Heute stellte das Robert Koch-Institut (RKI) in Berlin die Ergebnisse der sogenannten Kinder- und Jugendgesundheitsstudie (KiGGS) vor.
Es sieht nicht gut aus.

    Chronische Erkrankungen: Etwa jeder sechste unter 18-Jährige leidet in Deutschland unter einer chronischen Erkrankung. Dennoch können viele ein normales Leben führen und toben wie ihre Gleichaltrigen. Nur jeder fünfte Betroffene sei durch seine Krankheit eingeschränkt, heißt es in der Studie mit mehr als 12.000 befragten Eltern. Bei den 7- bis 17-Jährigen ist die Migräne die am häufigsten verbreitete Krankheit, fünf Prozent der Kinder klagen über die Kopfschmerzattacken. Bei den Null- bis Sechsjährigen sind Herzkrankheiten mit zwei Prozent Betroffenen am häufigsten, bei den Null- bis Zweijährigen sorgen sich die Eltern vor allem um Fieberkrämpfe.
    Alkohol und Zigaretten: Die Zahlen zum Alkoholkonsum klingen alarmierend. 11,5 Prozent der 11- bis 17-Jährigen trinken sich mindestens einmal im Monat in den Rausch - mit sechs oder mehr alkoholischen Getränken. […]
        Psychische Auffälligkeiten: Forscher sehen bei vielen Kindern die Gefahr, dass sie irgendwann eine psychische Störung entwickeln könnten. Rund ein Fünftel der 3- bis 17-Jährigen bewerteten sie als psychisch grenzwertig auffällig oder auffällig.
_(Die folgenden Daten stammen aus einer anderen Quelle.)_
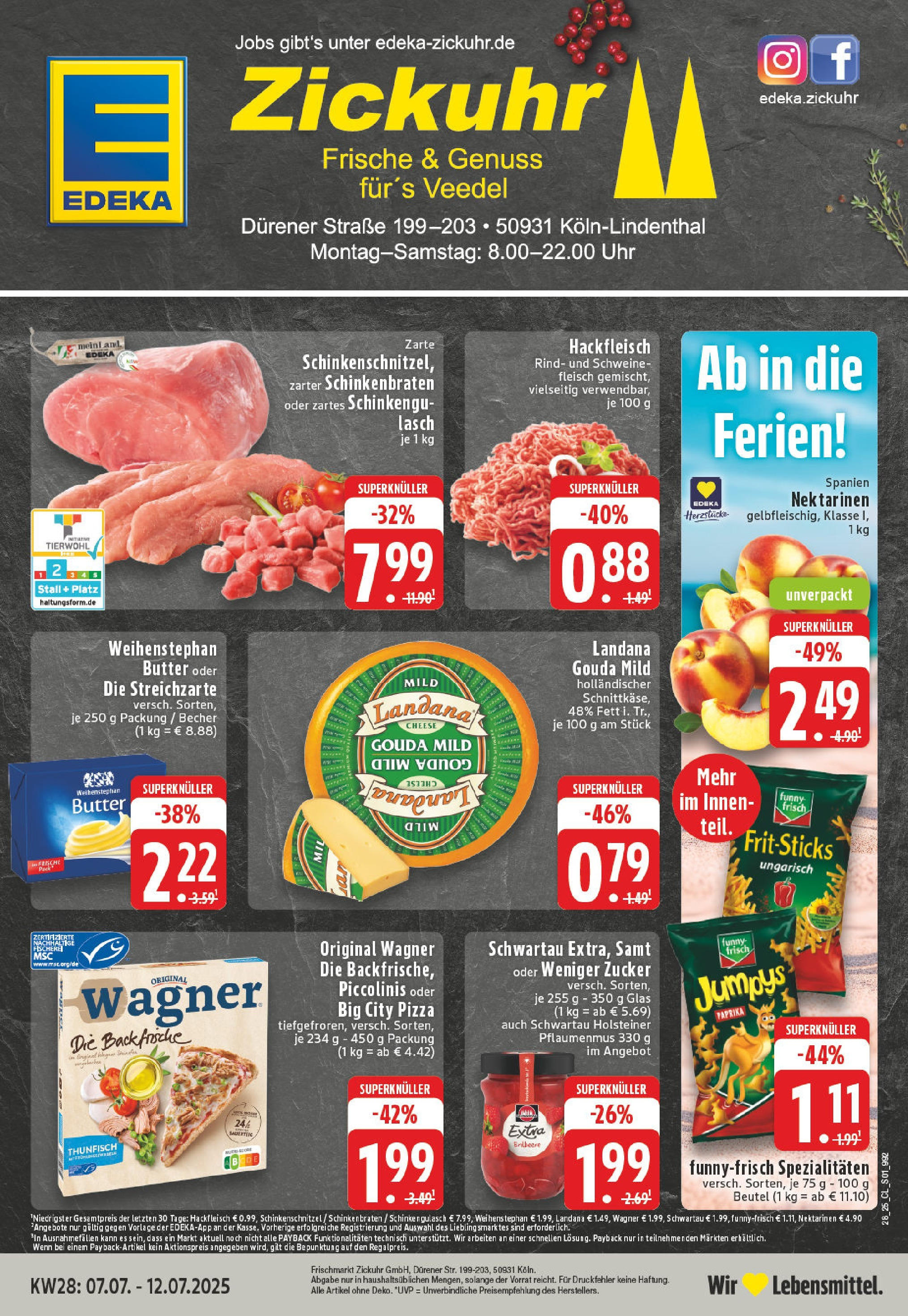 EDEKA Prospekt ab 06.07.2025 - Prospekt Köln-Lindenthal Online Vorschau von dem Prospekt des Geschäftes Edeka, gültig ab dem 06.07.2025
Die anhaltend hohe Verbreitung psychischer Auffälligkeiten solle einerseits Anlass sein, sich stärker um die Vorbeugung zu kümmern, schreiben die Autoren der Studie . "Andererseits sollten die Ergebnisse auch Anlass dazu geben, die Versorgungsstrukturen zu überprüfen, da psychische Auffälligkeiten und Störungen bei Kindern und Jugendlichen häufig unbehandelt bleiben."
    [….] ADHS (Aufmerksamkeits-Defizit-Hyperaktivitätsstörung) [….]  Fünf Prozent aller Heranwachsenden haben nach Auskunft der Eltern der ersten Erhebung zufolge die Diagnose ADHS von einem Arzt oder Psychologen bekommen. Jungen waren mehr als viereinhalbmal häufiger betroffen als Mädchen, Kinder mit niedrigem Sozialstatus mehr als zweieinhalbmal so häufig wie jene aus Familien mit hohem Sozialstatus. Die Folgeuntersuchung ergab im Vergleich zur Ersterhebung keine Veränderung.